— Action item —
Look through the entries below for the line with "Welcome to Module" and the line with "Why does my", then give again exactly those two lines and all lines between them, minus the pictures.

— Given information —
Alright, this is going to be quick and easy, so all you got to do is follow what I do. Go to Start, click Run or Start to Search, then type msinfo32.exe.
==
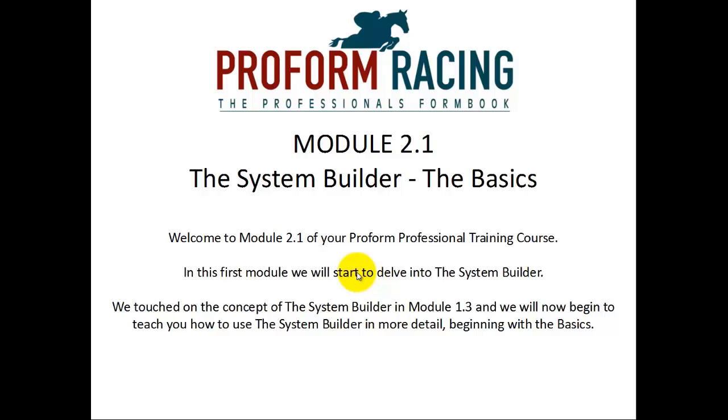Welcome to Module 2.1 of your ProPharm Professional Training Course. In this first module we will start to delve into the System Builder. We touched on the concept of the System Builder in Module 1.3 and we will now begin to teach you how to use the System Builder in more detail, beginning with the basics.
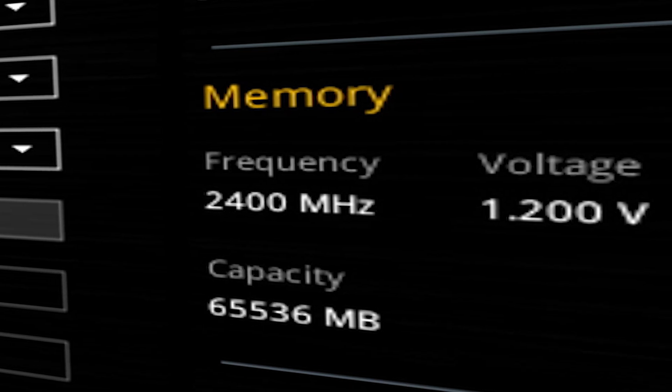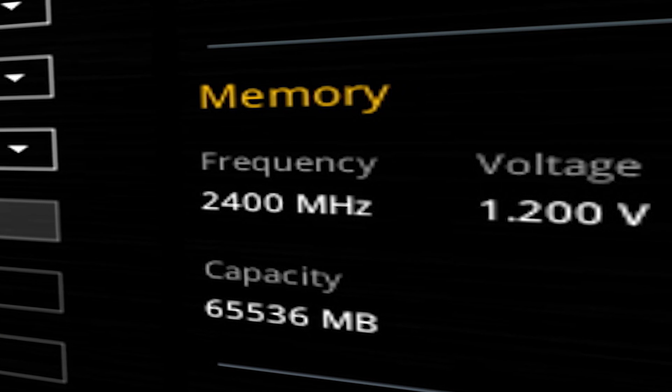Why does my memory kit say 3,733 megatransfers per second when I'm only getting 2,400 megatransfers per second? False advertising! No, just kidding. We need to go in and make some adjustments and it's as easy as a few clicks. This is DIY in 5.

— The completed task —
Welcome to Module 2.1 of your ProPharm Professional Training Course. In this first module we will start to delve into the System Builder. We touched on the concept of the System Builder in Module 1.3 and we will now begin to teach you how to use the System Builder in more detail, beginning with the basics.
Why does my memory kit say 3,733 megatransfers per second when I'm only getting 2,400 megatransfers per second? False advertising! No, just kidding. We need to go in and make some adjustments and it's as easy as a few clicks. This is DIY in 5.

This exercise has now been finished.